O jornalista Ronaldo Brasiliense, com mais de quatro décadas de atuação na imprensa paraense, relatou ter sido alvo de assédio judicial em ações movidas por figuras políticas do estado. O caso foi citado pela Associação Brasileira de Jornalismo Investigativo (Abraji) como um dos exemplos acompanhados pelo Programa de Proteção Legal, iniciativa voltada à defesa de jornalistas que enfrentam processos relacionados ao exercício da profissão.
Segundo Brasiliense, o apoio jurídico oferecido pela entidade foi decisivo em uma ação criminal movida pelo então governador do Pará, Helder Barbalho (MDB). O jornalista foi condenado após publicar uma nota em seu perfil em rede social na qual utilizava expressões críticas dirigidas ao político.
A decisão foi proferida pela juíza Anuzia Dias, que atuava interinamente em uma Vara Criminal de Belém. Inicialmente, a sentença estabeleceu pena de prisão em regime aberto, posteriormente convertida em prestação de serviços comunitários. De acordo com o jornalista, a defesa contestou a medida alegando incompatibilidade entre a atividade determinada e suas condições de saúde.
O recurso foi apresentado pelo advogado Marjean Monte, contratado por meio do programa da Abraji. A defesa sustenta que a pena estaria prescrita desde novembro de 2024, tese que, segundo Brasiliense, também recebeu parecer favorável do Ministério Público junto ao Tribunal de Justiça do Pará. O caso aguarda decisão judicial.
Na época da condenação, a Coalizão em Defesa do Jornalismo divulgou nota de repúdio à sentença e manifestou solidariedade ao profissional.
Além da ação criminal, Brasiliense também responde a um processo cível em que foi condenado ao pagamento de R$ 50 mil por danos morais. A ação recebeu apoio jurídico do Instituto Tornavoz, parceiro da Abraji no Programa de Proteção Legal.
O jornalista afirma que o suporte jurídico tem sido fundamental para que continue exercendo a atividade profissional. Segundo ele, a assistência oferece segurança para a continuidade de reportagens e denúncias relacionadas à gestão pública.
Outro processo citado pelo comunicador remonta a 2020, quando ele foi condenado em uma ação movida pelo senador Jader Barbalho (MDB). O caso teve origem na reprodução de informações envolvendo uma investigação relacionada à antiga Superintendência de Desenvolvimento da Amazônia (Sudam).
Brasiliense também questiona o fato de os processos terem sido julgados em Belém, apesar de residir em Óbidos, no oeste do Pará. Segundo ele, a situação amplia as dificuldades de defesa e deslocamento.

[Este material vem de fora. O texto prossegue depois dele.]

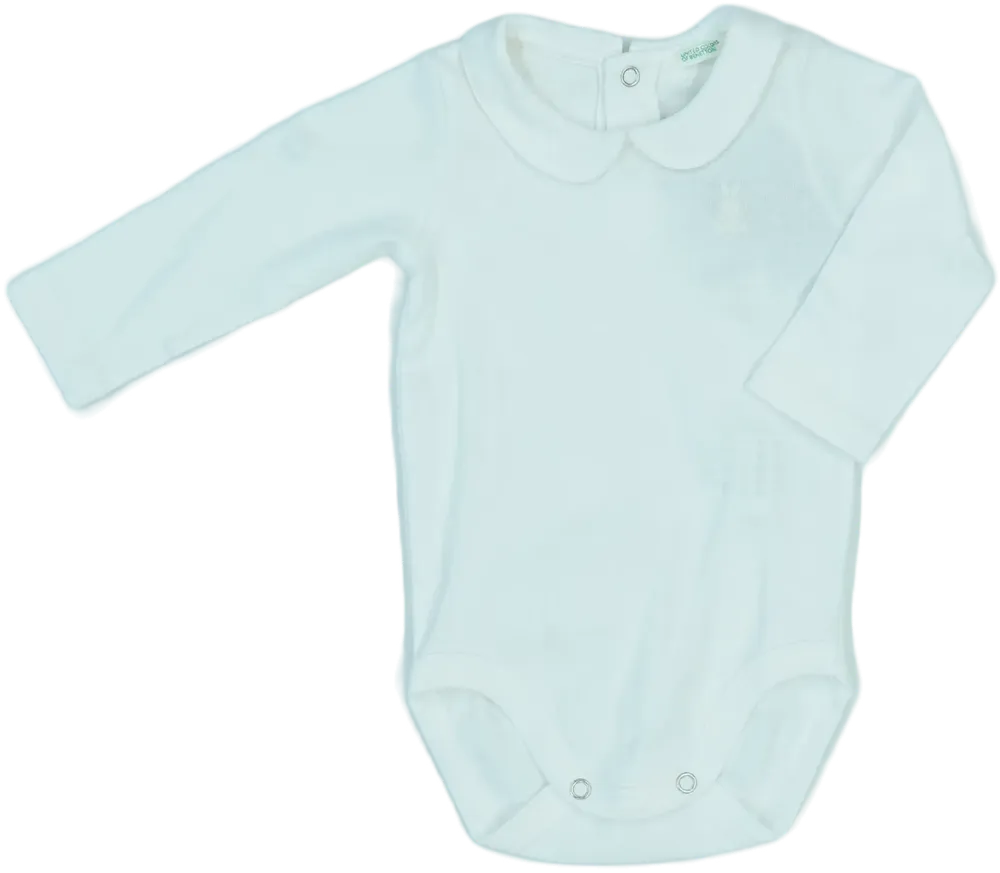 Fehér Benetton Hosszú ujjú body EU 62 / UK 0-3 hónap / US 0-3 hónap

Assédio judicial contra jornalistas
O caso integra um debate mais amplo sobre o uso de ações judiciais contra profissionais da imprensa. A Abraji acompanha esse fenômeno por meio do projeto Monitor de Assédio Judicial, que reúne processos considerados instrumentos de intimidação ou tentativa de silenciamento de jornalistas.
De acordo com a entidade, a segunda edição do levantamento identificou 130 novos casos entre 2024 e setembro de 2025. Com a atualização, o banco de dados passou a registrar 784 ações ao longo dos últimos 11 anos.
A Abraji informa que jornalistas e comunicadores que se enquadrem nos critérios do Programa de Proteção Legal podem solicitar atendimento por meio dos canais disponibilizados pela associação. O objetivo é oferecer suporte jurídico em situações relacionadas ao exercício da atividade jornalística e à defesa da liberdade de imprensa.